* ABOUT THIS EXERCISE
Below are the records; give the number of their lines that contain the word "room" and nothing more.

* RECORD EXCERPTS

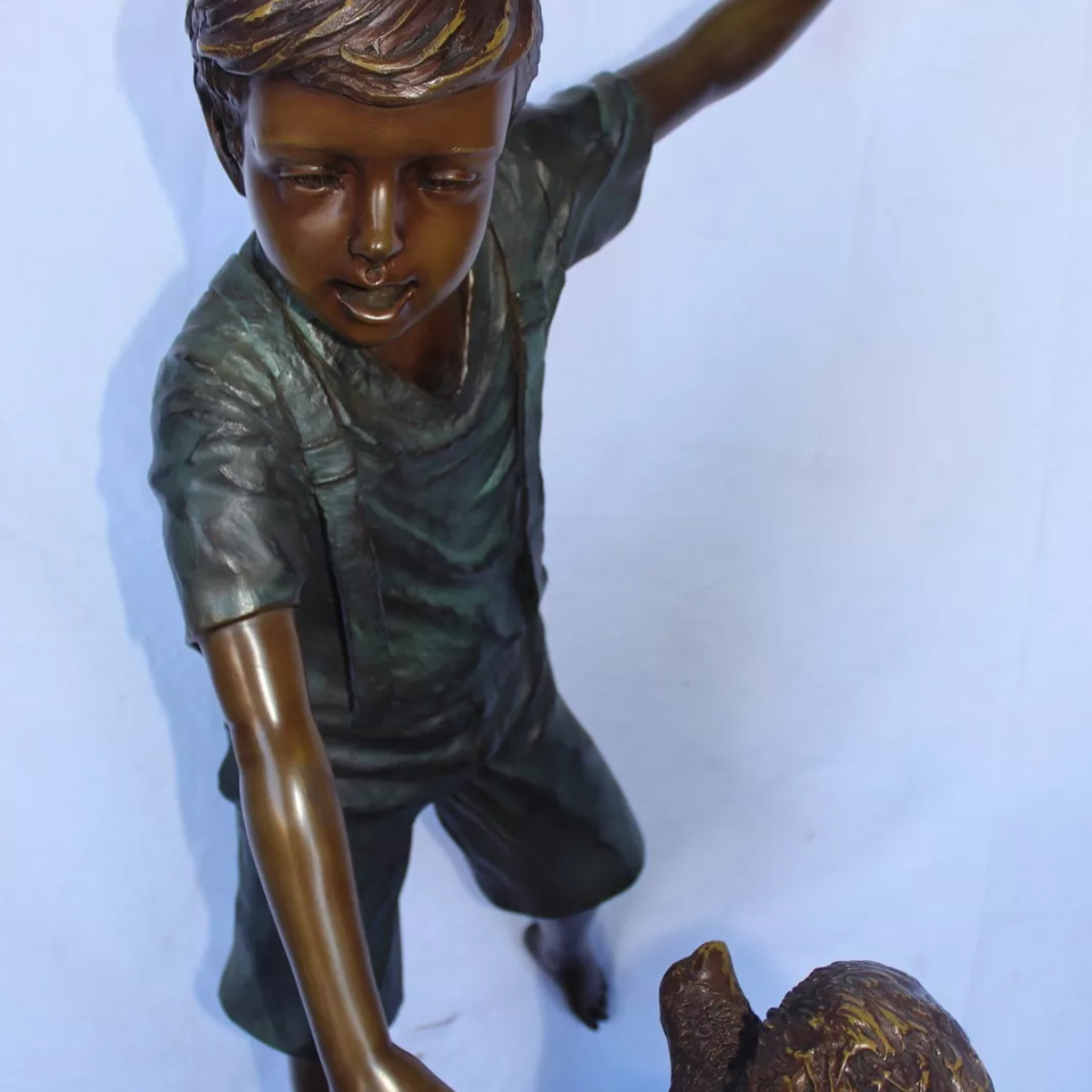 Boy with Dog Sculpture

---

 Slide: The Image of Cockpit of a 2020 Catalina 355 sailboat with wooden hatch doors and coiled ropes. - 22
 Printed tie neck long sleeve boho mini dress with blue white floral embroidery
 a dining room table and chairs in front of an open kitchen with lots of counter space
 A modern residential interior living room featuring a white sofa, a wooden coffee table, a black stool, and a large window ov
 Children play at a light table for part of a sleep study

==

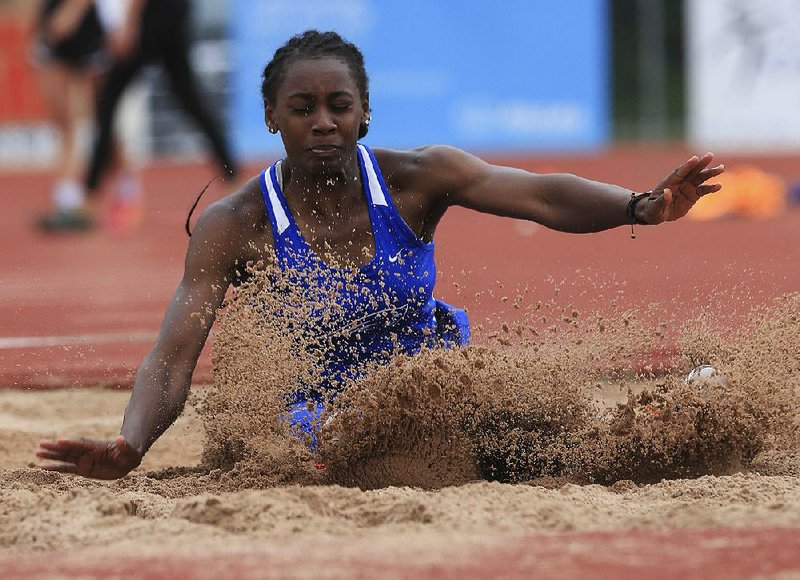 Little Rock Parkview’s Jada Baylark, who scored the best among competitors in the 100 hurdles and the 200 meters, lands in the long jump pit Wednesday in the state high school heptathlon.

* TASK ANSWER
2